ÇEYREK ASIRLIK HAZİNELER – ALFABETİK SIRA İLE 1995’in
EN İYİ 8 FİLMİ
12 MAYMUN
Dünyanın sonunu getiren bir virüs. Bu korkunç sonu kaynağında durdurmak için geçmişe gönderilen mahkum Bruce Willis. Bu yolda geçmişte yollarının çakıştığı Brad Pitt. Sinemanın en özgün yönetmenlerinden Terry Gilliam. Tüm zamanların en iyi kurgulanmış ve zeki bilimkurgularından biri.
BRAVEHEART
Avustralya’da büyümüş Amerikalı Mel Gibson, İskoçların halk kahramanını kötü bir aksanla canlandırıyor. Tarihi gerçeklere pek uyulmuyor. Ne gam. Sinema tarihinin en sağlam, en eğlendirici, en hüzünlü, en epik kahramanlık öykülerinden biri karşımızdaki. İlk yönetmenlik denemesinde Gibson, tüm ödülleri ve gişeyi hakimiyeti altına alıyor.
CASINO
Robert DeNiro’nun kıymeti bilinmeyen filmlerinden biri. Goodfellas kadar iyi senaryosuna, harika sanat yönetimine, bir o kadar sıkı oyuncu kadrosuna, Scorsese’nin formunun zirvesinde yönetimi eşlik etmiş. Daha ne olsun ? Belki tek ufacık kusuru bir yarım saat daha kısa tutulmamasıydı.
GHOST IN THE SHELL
Japon anime sinemasının başyapıtlarından. Yarı robot bir kadın polis, güçlü ve gizemli bir hacker olan Kukla Ustası’nın peşine düşer.
Karakterlerinin derinliği, dönemine göre harika olan çizimleri, görselliği ve komplike ama anlaşılır senaryosu ile hala aşılamamış bir klasik. 2017’de çevrilen canlı versiyonu, Scarlet Johansson’un varlığına rağmen orijinalinin yanına bile yaklaşamadı.
HEAT
Görkemli oyunculuk gösterisi. 90 ların ve hatta tüm zamanların en gözde oyuncularından iki ustanın (Pacino ve DeNiro) karşılıklı döktürdüğü bir film.
Michael Mann’ın yazıp-yönettiği başyapıtı. Oyuncu kadrosu, üç saate yakın süresine rağmen hiç sarkmayan senaryosu ile tıkır tıkır işleyen bir hırsız-polis öyküsü. Aksiyonu kadar dramatizasyonu da çok güçlü.
LA HAINE
Mathieu Kassovitz’in genç yaşta kotardığı siyah beyaz bir klasik.
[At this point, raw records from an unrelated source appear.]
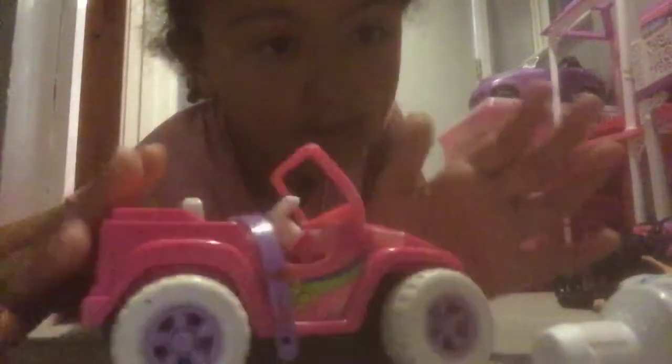Hey guys, welcome to my next video. So today I've got some of these objects and I'm going to be under this car. And all these specials start. Let's start.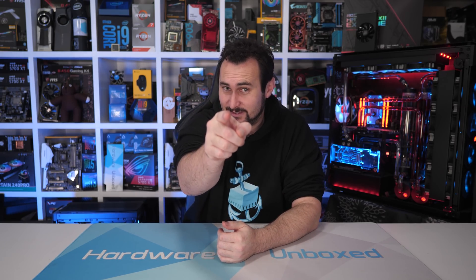You can jump over to our Patreon account if you want to get access to our exclusive Discord chat Q&As coming up next week. Tim and I will be doing a live stream on Thursday for Patreon members. Above all else, thank you very much for watching. I'm your host Steve, and I'll see you again next time.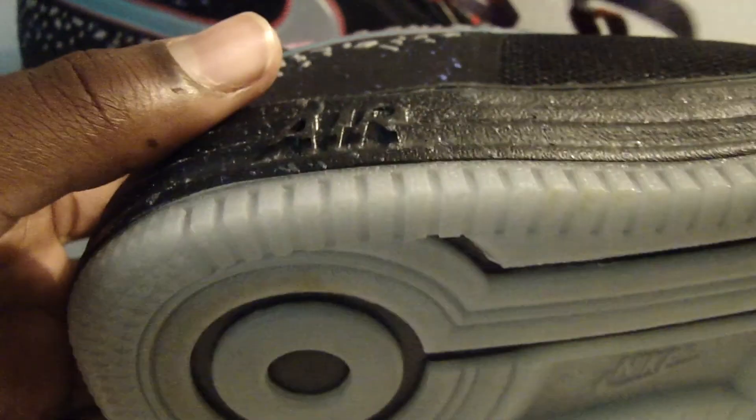You see the midsole — it's black with gray paint speckles. Then you see the Air and then the Lunar Max midsole. It runs around the whole shoe inside and out. The outsole is a glow in the dark Air Force One just regular sole. You see the Nike branding right there along with the swoosh.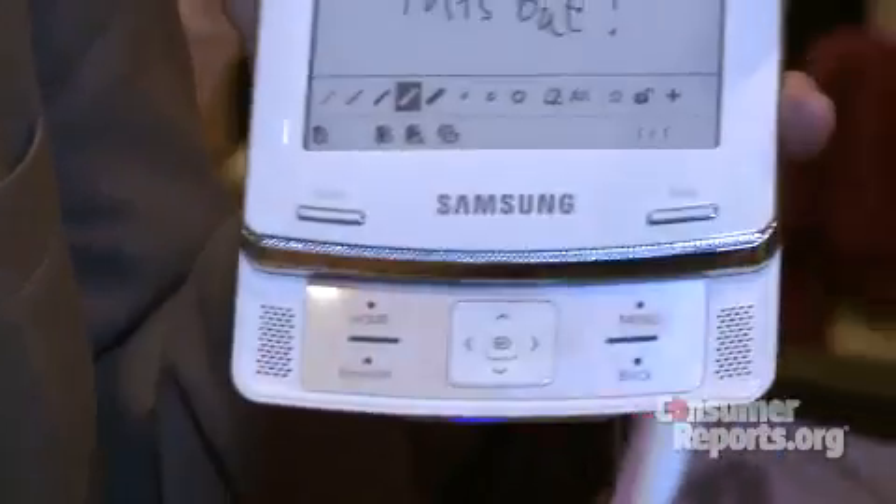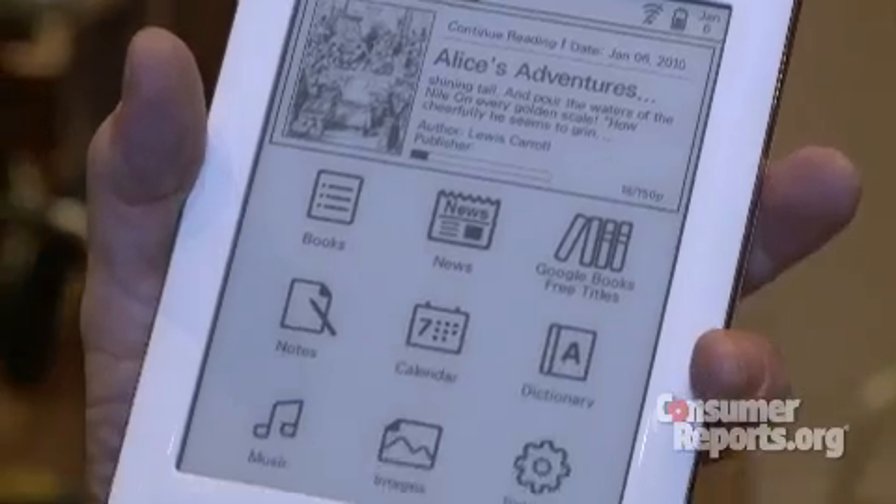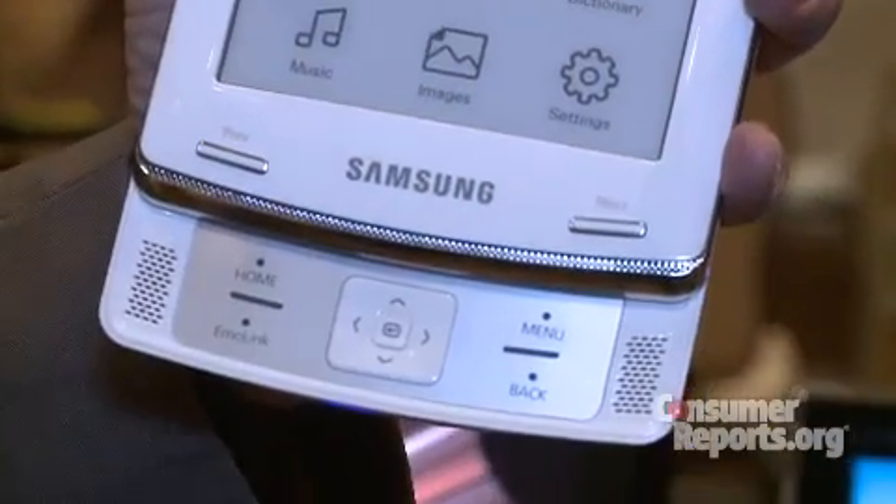It has a sliding slider design like some cell phones — it's the first e-book reader I've seen with that kind of design. This is brand new though, there are still some glitches to it; the text is a little small, but they may be able to fix that with firmware.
O dönem Fransa’da sıkça görülen sokak eylemlerinin en ateşlilerinden birinden sonra üç arkadaşın 24 saatlik serüvenlerini aktarıyor.
Orijinal adı “Nefret” olsa da bizde “Protesto” adıyla vizyona girmişti. İnsanın beynine işleyen karakalemle çizilmişçesine akıp geçen sahneleri sinematografinin doruğunda dolaşıyor.
LAND AND FREEDOM
Ken Loach ustanın başyapıtlarından. İspanya İç Savaşı’nda faşizme karşı savaşırken dışarıdan ve içeriden ihanete uğrayan Cumhuriyetçilerin sarsıcı öyküsü.
Faşizmin, despotizmin lanetine karşı uyarıcı olması gereken İspanya İç Savaşı’nın, tıpkı filmin yapıldığı 90 ların ortasında Bosna’da yaşananlara karşı üç maymunu oynayan Avrupa’nın aynı hal vetavrının 1936’daki meali.
THE USUAL SUSPECTS
Sinemada şaşırtıcı “twist” denince ilk akla gelen filmlerden. Daha sonra Mission Impossible filmlerinin yönetmeni olacak olan C. McQuarrie’nin senaryosundan Bryan Singer’ın çektiği suç dünyasının en özgün filmlerinden biri.
Sinema tarihine geçmiş müthiş finali bir yana, o finale adım adım ilmek ilmek ilerlerken heyecanını hiç kaybetmeyen, müthiş oyunculuklarla bezeli bir suç baladı.